# Train - Trial - Hunt !



## R E McCraith (Nov 24, 2011)

3 simple rules in a complex world if you want a hunting V - # 1 go 4 a V that comes from hunting stock # 2 break 2 bird then gun ASAP - PIKE & I belong to 2 pointer clubs - 2 sportsmans clubs that have gundog divisions with bird fields - ? when fall rolls around & not hunting wild birds we have a place 2 go every weekend 4 fun trials - fun hunts & trials - this is no secret ! if you want your pup 2 hunt - PUT HIM ON BIRDS !!!!!


----------



## texasred (Jan 29, 2012)

Your right REM
It takes birds to make a birddog.
I've been running mine on wild birds once a week this past month. Its not season, so I can't shoot them, but it gives the dogs a workout.


----------



## mrmra (Jul 18, 2013)

Took my puppy out for ducks with some folks we know. He kept trying to steal the other dogs' ducks and give them to me!!

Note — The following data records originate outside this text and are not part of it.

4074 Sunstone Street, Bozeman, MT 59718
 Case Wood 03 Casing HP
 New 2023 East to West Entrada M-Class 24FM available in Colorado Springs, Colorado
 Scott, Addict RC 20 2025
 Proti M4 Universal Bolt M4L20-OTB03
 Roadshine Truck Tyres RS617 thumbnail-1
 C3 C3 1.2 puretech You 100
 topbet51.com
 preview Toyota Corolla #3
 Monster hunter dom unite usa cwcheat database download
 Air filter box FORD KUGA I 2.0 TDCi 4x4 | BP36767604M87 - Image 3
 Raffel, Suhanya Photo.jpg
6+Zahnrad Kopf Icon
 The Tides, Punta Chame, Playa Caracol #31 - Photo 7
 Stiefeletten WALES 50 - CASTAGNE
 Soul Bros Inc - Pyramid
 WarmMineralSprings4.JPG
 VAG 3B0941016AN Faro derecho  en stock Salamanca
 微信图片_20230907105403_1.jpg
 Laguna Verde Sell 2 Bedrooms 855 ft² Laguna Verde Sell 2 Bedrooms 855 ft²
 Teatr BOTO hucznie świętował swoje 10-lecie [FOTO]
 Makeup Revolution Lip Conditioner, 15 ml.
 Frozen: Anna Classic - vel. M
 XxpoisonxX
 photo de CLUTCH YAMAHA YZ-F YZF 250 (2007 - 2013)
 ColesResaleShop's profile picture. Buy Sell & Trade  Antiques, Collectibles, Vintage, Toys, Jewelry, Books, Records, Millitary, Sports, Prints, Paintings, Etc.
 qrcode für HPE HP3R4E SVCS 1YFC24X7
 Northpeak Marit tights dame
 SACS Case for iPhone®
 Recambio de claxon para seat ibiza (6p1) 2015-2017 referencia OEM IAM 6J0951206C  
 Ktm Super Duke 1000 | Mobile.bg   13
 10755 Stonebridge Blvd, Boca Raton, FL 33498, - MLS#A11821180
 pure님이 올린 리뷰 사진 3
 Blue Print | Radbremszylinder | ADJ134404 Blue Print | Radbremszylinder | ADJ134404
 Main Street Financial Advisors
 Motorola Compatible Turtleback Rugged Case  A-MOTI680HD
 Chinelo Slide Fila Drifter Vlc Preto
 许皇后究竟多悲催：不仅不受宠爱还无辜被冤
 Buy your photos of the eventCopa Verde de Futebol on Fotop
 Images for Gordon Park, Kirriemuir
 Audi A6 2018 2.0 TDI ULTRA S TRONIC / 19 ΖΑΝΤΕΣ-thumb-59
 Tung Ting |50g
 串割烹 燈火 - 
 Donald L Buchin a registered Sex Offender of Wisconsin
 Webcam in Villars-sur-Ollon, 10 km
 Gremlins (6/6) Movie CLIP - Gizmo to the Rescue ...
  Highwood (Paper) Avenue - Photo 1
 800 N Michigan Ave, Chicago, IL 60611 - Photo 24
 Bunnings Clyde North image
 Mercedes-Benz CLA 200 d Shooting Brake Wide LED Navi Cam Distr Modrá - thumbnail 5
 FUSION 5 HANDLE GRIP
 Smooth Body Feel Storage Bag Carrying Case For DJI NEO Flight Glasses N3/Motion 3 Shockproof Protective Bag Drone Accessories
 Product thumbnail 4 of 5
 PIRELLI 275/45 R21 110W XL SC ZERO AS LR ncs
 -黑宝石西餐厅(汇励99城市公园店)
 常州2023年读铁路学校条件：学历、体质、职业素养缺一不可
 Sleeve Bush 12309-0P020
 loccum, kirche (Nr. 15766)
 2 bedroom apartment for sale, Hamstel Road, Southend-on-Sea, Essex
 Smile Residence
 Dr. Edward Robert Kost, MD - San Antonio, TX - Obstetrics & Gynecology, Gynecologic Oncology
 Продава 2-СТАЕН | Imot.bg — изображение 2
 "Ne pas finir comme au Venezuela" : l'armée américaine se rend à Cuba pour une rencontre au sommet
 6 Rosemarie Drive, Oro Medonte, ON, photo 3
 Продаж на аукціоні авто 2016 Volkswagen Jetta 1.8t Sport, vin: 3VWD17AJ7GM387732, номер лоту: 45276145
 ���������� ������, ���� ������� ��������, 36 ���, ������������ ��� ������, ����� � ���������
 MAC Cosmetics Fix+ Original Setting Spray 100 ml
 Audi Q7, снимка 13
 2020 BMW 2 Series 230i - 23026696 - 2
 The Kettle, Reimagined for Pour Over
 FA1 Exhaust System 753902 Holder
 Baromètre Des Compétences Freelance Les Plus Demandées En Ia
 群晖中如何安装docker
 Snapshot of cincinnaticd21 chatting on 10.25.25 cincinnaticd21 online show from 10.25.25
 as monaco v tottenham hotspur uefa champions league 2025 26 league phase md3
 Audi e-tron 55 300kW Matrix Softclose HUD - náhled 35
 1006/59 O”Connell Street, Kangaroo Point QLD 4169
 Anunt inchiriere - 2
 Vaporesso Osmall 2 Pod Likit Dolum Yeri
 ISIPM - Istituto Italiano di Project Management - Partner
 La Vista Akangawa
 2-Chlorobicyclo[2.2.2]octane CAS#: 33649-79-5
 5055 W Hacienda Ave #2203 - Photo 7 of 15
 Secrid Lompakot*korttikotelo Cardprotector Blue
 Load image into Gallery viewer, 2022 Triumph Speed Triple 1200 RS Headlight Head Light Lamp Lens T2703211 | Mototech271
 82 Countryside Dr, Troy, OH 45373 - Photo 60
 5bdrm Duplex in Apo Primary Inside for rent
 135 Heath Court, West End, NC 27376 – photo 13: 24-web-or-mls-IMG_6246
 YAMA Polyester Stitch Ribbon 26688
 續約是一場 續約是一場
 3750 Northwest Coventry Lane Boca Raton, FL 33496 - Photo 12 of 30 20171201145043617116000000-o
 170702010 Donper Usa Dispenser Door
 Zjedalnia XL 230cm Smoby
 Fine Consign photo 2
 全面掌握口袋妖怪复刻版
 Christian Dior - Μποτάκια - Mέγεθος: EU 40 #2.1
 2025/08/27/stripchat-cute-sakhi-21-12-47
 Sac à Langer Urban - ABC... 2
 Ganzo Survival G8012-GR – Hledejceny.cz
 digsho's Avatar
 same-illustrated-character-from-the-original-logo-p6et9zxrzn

We didn't stay too long but it was a good experience for him. I think he learned something from watching the other dogs.

-mra-


----------



## texasred (Jan 29, 2012)

I wouldn't let him try and take another dogs duck/bird.
Some dogs will correct him heavily for such an action. That would be a bad experience for a dog just learning the ropes.


----------